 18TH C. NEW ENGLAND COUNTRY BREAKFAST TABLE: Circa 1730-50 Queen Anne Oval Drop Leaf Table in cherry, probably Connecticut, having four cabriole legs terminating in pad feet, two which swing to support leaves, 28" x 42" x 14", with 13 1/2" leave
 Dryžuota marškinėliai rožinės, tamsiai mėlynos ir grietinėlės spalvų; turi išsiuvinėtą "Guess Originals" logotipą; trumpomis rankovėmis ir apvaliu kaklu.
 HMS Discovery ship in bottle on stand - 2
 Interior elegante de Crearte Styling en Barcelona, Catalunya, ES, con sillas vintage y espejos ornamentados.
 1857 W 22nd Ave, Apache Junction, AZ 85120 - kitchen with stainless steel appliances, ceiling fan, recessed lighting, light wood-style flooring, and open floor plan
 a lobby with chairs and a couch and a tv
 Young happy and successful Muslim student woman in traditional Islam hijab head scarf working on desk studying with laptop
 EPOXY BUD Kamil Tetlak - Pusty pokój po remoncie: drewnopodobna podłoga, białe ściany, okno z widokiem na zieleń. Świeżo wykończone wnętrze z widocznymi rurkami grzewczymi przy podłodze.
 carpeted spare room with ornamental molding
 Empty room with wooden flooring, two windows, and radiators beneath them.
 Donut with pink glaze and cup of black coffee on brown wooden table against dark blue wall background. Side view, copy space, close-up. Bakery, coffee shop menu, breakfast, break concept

========================================

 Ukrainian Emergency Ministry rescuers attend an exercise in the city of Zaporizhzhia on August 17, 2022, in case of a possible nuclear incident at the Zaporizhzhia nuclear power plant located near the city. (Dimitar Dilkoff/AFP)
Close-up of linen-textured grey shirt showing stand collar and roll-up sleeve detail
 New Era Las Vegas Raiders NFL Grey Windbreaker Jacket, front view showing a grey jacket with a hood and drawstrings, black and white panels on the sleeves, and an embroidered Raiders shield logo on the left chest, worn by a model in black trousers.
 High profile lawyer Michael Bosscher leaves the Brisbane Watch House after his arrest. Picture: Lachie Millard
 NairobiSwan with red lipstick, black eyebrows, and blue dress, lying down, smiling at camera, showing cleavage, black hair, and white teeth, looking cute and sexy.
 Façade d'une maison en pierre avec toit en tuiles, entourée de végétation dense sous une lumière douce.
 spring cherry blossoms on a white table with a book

========================================

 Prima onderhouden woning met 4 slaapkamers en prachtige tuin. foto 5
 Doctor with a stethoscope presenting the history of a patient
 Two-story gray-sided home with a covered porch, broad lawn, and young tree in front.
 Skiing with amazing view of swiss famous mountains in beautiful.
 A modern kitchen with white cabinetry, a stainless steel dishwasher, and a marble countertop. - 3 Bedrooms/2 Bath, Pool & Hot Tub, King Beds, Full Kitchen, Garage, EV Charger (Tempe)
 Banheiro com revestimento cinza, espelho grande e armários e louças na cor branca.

========================================

**WHAT NEEDS TO BE DONE**.
Starting at the line that has "Interior elegante de" and ending at the line that has "a lobby with chairs and a couch and a tv", please write out the lines above exactly, leaving out all others.

**EXERCISE SOLUTION**.
 Interior elegante de Crearte Styling en Barcelona, Catalunya, ES, con sillas vintage y espejos ornamentados.
 1857 W 22nd Ave, Apache Junction, AZ 85120 - kitchen with stainless steel appliances, ceiling fan, recessed lighting, light wood-style flooring, and open floor plan
 a lobby with chairs and a couch and a tv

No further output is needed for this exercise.